Populisten profitieren auch davon, dass viele Bürger in Europa sich Sorgen machen, wenn sie die Menschen aus Afrika und Asien sehen, die nach Europa kommen. Wie kann die Politik hier reagieren?Zunächst sollten wir uns bewusst sein, dass über 80 Prozent aller Flüchtlinge in Entwicklungsländern leben. Die grosse Mehrheit der Flüchtlinge kommt nicht zu uns. Zugleich sind die Länder in Europa gefordert, viel enger zusammenzuarbeiten. So braucht es eine gerechtere Verteilung der Flüchtlinge auf die europäischen Länder. Wir dürfen die Last nicht einfach ein paar Ländern überlassen.

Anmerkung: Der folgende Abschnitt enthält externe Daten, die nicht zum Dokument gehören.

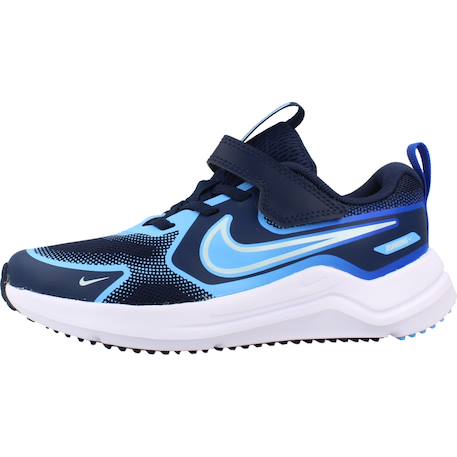 Basket garçon cosmic runner grd ps Bleu 2 - vertbaudet enfant 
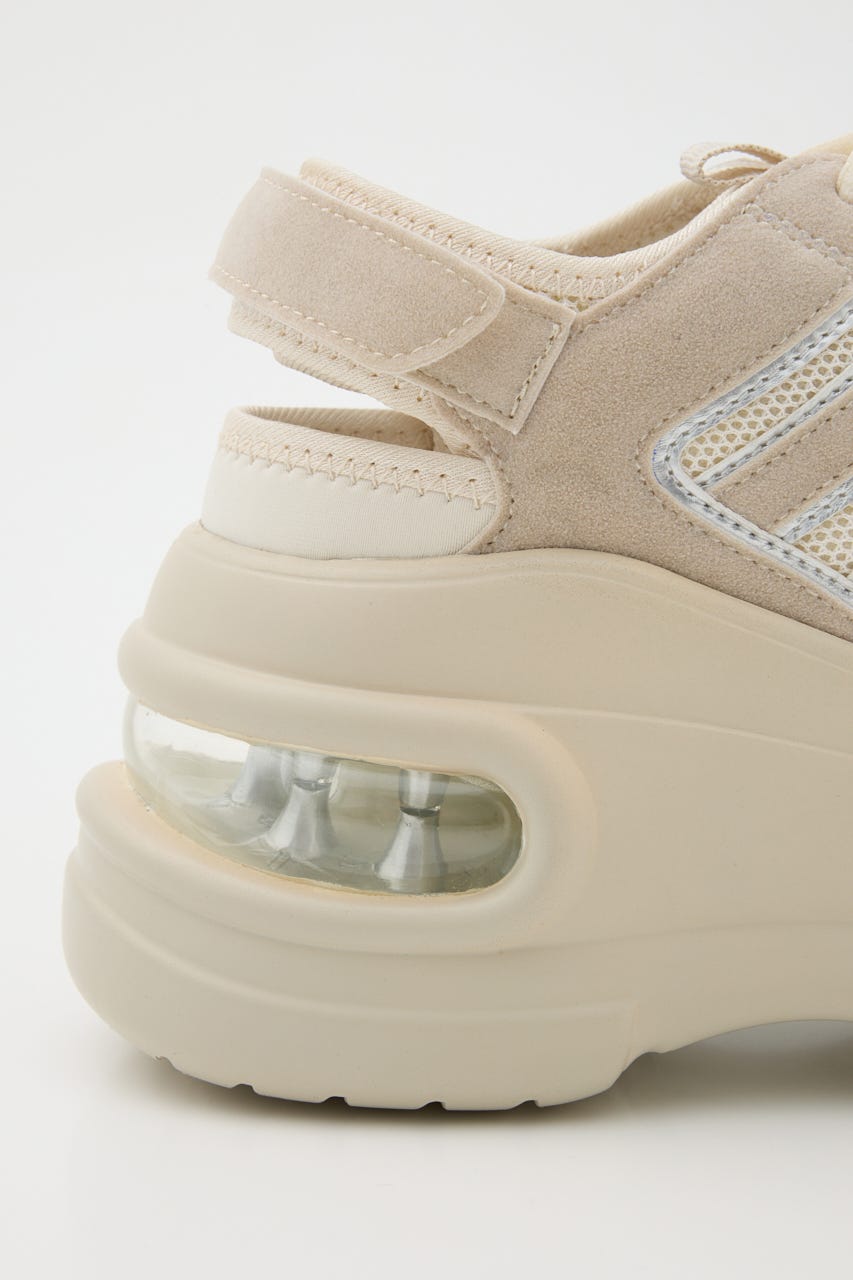 ボリュームソールベルトスニーカー IVOY M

Aber lange nicht alle Einwanderer sind verfolgte Flüchtlinge. Viele suchen ein besseres Leben.Das ist ein anderes Thema. Natürlich müssen wir zwischen Flüchtlingen und Einwanderern unterscheiden. Und die europäischen Länder haben das Recht, ihre Grenzen zu schützen. Dennoch ist der entscheidende Punkt, dass die europäischen Länder bei diesen Fragen viel enger kooperieren sollten. Leider waren die Länder Europas hier bislang nicht sehr erfolgreich.